Józef Grzyb, prezes Łukowskiej Grupy Producentów Tytoniu: – Spotykaliśmy się już po raz 30. To zwieńczenie wielomiesięcznych starań plantatorów tytoniu o to, aby plon był obfity, a jego jakość najlepsza. Miejsce zabawy wybrane zostało nieprzypadkowo. W tych okolicach tytoń uprawiany jest od ponad 50 lat. Staramy się zrobić dużą imprezę z wielkimi gwiazdami żeby o naszym tytoniu usłyszeli szefowie wielkich tytoniowych firm w Europie. Niech wiedzą, że mamy dobry surowiec, za który wystarczy tylko godnie zapłacić, by popłyną do nich wartkim strumieniem.
• Liczy pan na to, że tytoń będzie tu uprawiany przez kolejne 50 lat?
– Mam nadzieję, że tak. Chociaż w tym roku plantatorzy nie mają wielu powodów do zadowolenia. To pierwszy sezon, w którym nie dostajemy dopłat. Musimy utrzymać się z tego, co otrzymamy na skupie. I chociaż cena skupu jest w tym roku o około 20 proc. wyższa niż 12 miesięcy temu to zarobimy zdecydowanie mniej. Szacuję, że za I klasę tytoniu w tamtym roku otrzymywaliśmy 18 zł. Teraz 14 zł.
• Czy to znaczy, że plantatorzy będą likwidowali swoje plantacje?
– Aż tak czarnego scenariusza nie wieszczę. W przygotowanie plantacji, które w niczym nie ustępują tym z zachodu Europy, poświęciliśmy zbyty dużo pracy i wkładu finansowego. Dlatego nie sądzę żeby ktoś zdecydował się na tak drastyczny krok. Mam też cichą nadzieję, że za rok, czy dwa cena skupy pójdzie w górę. Może nie jakoś drastycznie, ale jednak.

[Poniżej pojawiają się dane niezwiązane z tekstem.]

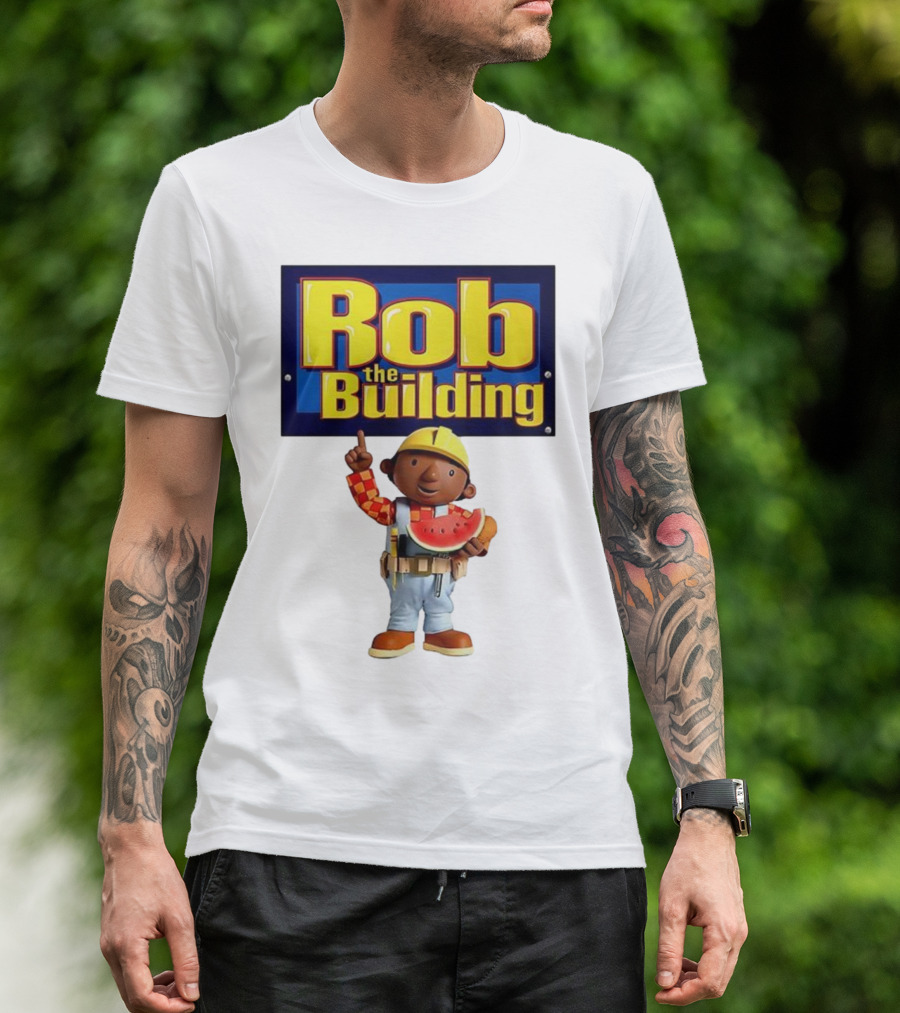Rob The Building Cartoon Construction Character Eating Watermelon T-Shirt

• Plantatorzy powinni więc gorszy okres przeczekać.
– Tak, ale nie mogą sobie pozwolić na produkcję byle jakiego tytoniu. Musimy utrzymać wysoką jakość starając się jednocześnie zwiększyć oszczędności. Można na przykład wstrzymać się z modernizacją upraw. Można sprzedawać towar od razu po wysuszeniu, by nie ponosić kosztów przechowywania.
• Mimo kiepskiej koniunktury polecił by pan przyjacielowi zakładanie w tej chwili plantacji tytoniu?
– Tak, ale tylko wtedy, gdy mój przyjaciel spełniałby odpowiednie cechy. To musi być człowiek niezwykle pracowity. Przy tytoniu pracuje się przez okrągły rok. W dodatku nie można nic przełożyć nawet o dzień czy dwa. Kiedy trzeba pracować to się pracuje. Na przykład tegoroczne żniwa. Jest upał, a tytoń trzeba zbierać. Jedyne co może zrobić plantator żeby nie męczyć się w najgorszy upał to pracować od 4 rano i późnym wieczorem. Nowi plantatorzy tytoniu są potrzebni. W Polsce produkuje się 30 ton tytoniu, a potrzeba 100 tys. ton. Zbyt na tytoń będzie.
• Także na zachodzie Europy?
– Zdecydowanie tak, tylko musimy pokazać, że niczym nie odbiegamy od zachodnich standardów. Musimy też głośno mówić o tym, że skoro produkujemy towar taki jak na zachodzie Europy, to tak samo powinniśmy zarabiać.